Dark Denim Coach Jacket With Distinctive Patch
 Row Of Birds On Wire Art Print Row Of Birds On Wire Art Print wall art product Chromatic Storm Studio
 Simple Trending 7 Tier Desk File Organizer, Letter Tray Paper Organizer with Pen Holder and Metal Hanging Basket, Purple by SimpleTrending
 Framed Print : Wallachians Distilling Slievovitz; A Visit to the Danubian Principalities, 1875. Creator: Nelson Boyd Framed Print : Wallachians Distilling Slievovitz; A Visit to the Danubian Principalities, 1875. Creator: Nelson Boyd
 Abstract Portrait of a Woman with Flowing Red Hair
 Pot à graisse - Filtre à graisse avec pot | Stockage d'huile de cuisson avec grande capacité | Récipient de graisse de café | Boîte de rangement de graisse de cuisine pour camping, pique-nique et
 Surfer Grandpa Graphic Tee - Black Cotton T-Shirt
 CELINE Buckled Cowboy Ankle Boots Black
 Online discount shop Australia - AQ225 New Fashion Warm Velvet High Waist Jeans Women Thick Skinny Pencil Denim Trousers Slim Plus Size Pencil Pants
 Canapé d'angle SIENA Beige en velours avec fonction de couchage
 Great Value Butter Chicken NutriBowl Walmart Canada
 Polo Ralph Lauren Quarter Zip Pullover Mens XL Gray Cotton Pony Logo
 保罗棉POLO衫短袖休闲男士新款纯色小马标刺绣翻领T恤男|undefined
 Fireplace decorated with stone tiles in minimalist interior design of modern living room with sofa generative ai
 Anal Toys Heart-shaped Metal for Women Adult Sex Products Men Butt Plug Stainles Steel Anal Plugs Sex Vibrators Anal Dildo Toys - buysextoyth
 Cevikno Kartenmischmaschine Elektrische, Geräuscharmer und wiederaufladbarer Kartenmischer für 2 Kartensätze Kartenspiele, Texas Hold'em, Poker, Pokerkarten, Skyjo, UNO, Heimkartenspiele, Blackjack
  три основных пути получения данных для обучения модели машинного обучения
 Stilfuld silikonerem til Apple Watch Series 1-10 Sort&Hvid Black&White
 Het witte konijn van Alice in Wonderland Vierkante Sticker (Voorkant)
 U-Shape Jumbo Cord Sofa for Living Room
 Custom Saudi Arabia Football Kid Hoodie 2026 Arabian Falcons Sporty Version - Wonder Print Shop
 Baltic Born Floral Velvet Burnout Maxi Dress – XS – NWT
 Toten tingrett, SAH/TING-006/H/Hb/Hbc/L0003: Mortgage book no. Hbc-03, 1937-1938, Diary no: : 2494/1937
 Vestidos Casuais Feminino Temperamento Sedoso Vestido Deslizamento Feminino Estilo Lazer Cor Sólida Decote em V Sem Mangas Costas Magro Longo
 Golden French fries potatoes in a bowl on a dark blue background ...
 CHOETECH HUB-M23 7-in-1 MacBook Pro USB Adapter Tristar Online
※
• _Task directions_: In the answer, restate word for word each line from the one with "три основных пути" through the end of the material above.

• _Output of the task_:
  три основных пути получения данных для обучения модели машинного обучения
 Stilfuld silikonerem til Apple Watch Series 1-10 Sort&Hvid Black&White
 Het witte konijn van Alice in Wonderland Vierkante Sticker (Voorkant)
 U-Shape Jumbo Cord Sofa for Living Room
 Custom Saudi Arabia Football Kid Hoodie 2026 Arabian Falcons Sporty Version - Wonder Print Shop
 Baltic Born Floral Velvet Burnout Maxi Dress – XS – NWT
 Toten tingrett, SAH/TING-006/H/Hb/Hbc/L0003: Mortgage book no. Hbc-03, 1937-1938, Diary no: : 2494/1937
 Vestidos Casuais Feminino Temperamento Sedoso Vestido Deslizamento Feminino Estilo Lazer Cor Sólida Decote em V Sem Mangas Costas Magro Longo
 Golden French fries potatoes in a bowl on a dark blue background ...
 CHOETECH HUB-M23 7-in-1 MacBook Pro USB Adapter Tristar Online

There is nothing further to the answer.